Limitations of Real User Monitoring

For all its benefits, RUM does have several limitations. Combining the process with synthetic monitoring fills the gaps nicely.

  • Lack of benchmarking. RUM is unable to examine your competitor’s websites. That means benchmarking your site’s performance against others is difficult.
  • Effectiveness in pre-production settings is limited. It’s not that RUM doesn’t work in pre-production settings (it works just fine); most customers simply don’t have a lot of traffic in those settings.
  • Too much data. Some users complain that sifting through the sheer volume of data provided can be daunting, even for some of the better-prepackaged tools on the market.

Best Practices for RUM

There are several best practices that can help you get the most out of RUM including:

  • Assess the Current Speed of the Website. Faster websites lead to higher customer engagement, so paying attention to load time data is key.
  • Identify and Track Specific Objectives. Doing so enables you to align those objectives with business goals. For example, we can set and track performance to a target like “increase conversion rate from 10% to 15%.”
  • Improve Mobile Testing Strategy. Development and testing challenges continue to arise as native mobile app use spreads. Use RUM to gain new visibility into native mobile apps.
  • Relate Performance to the Business. Not a disembodied tool, real user monitoring should start with business goals, then flow down to how well our current systems meet those targets. It is first and foremost a dashboard to gauge our progress.

Real User Monitoring Tools

There are a variety of tools available that support RUM. We compare 18 different APM tools in this post, some of which offer real user monitoring capabilities.

Stackify’s application performance management solution, Retrace, provides real user monitoring, as well as in-depth metrics to make it easy for you to determine why your app is having performance issues, down to which web requests are happening most often and which requests take the most amount of time. And with its advanced reporting features, you can review the performance of every individual request – not just the top five – along with robust log management capabilities, customizable method level profiling, comprehensive error monitoring, integrated log searching, and much more.

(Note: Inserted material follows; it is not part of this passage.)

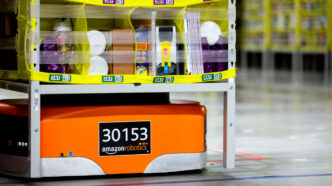 Robot de Amazon funcionando en sus instalaciones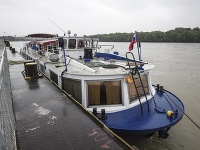 Výletná loď Bohemia, ktorá sa plaví z Prahy na Domašu na trase dlhej 2800 km, kotví v prístave 30. mája 2019 v Bratislave. Následne sa loď vyberie ďalej do Maďarska, Chorvátska, Srbska a po Tise až do malého prístavu Ladmovce, odkiaľ bude po suchu prevezená až na Domašu.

Real-User Monitoring: A Promising Future

Today’s post was all about Real User Monitoring, or RUM.

We’ve defined this technique, explained how it works and mentioned some typical examples. Also, we’ve covered the basic steps of RUM, its main benefits and limitations. Finally, we’ve listed some best practices that can help you and your organization reap all the benefits that RUM can provide, and wrapped-up by mentioning RUM tools you can checkout, providing lists to do so.

So, do we have a verdict about RUM? Should your organization adopt it?

Let’s start by saying that each organization is unique when it comes to its attributes, history, and needs. So, despite Real-User Monitoring being an incredibly valuable resource, it might not be the best fit for your organization. There might be scenarios where most simpler alternatives are enough.

Remember that before committing to a significant investment, of any type, it’s crucial to weigh the benefits of said investment against its costs and decide whether it fits into the overall business objectives of the organization.

That being said, it’s clear to us that Real-User Monitoring is the “winner” in the long run. Don’t get me wrong: as we’ve mentioned, Synthetic Monitoring is essential for high-traffic websites, while also being immensely valuable for testing the application before it hits production.

We live in an era that’s increasingly mobile, and always online. Technology changes in the blink of an eye. In such a scenario, companies have to move fast and respond to events as quick as possible if they want to survive and thrive. But you can’t answer to an event you’re not aware of, and that’s exactly where techniques such as RUM come in useful.

The capacity to monitor users in real-time is—and will continue to be—an essential tool in the toolbelt of any organization.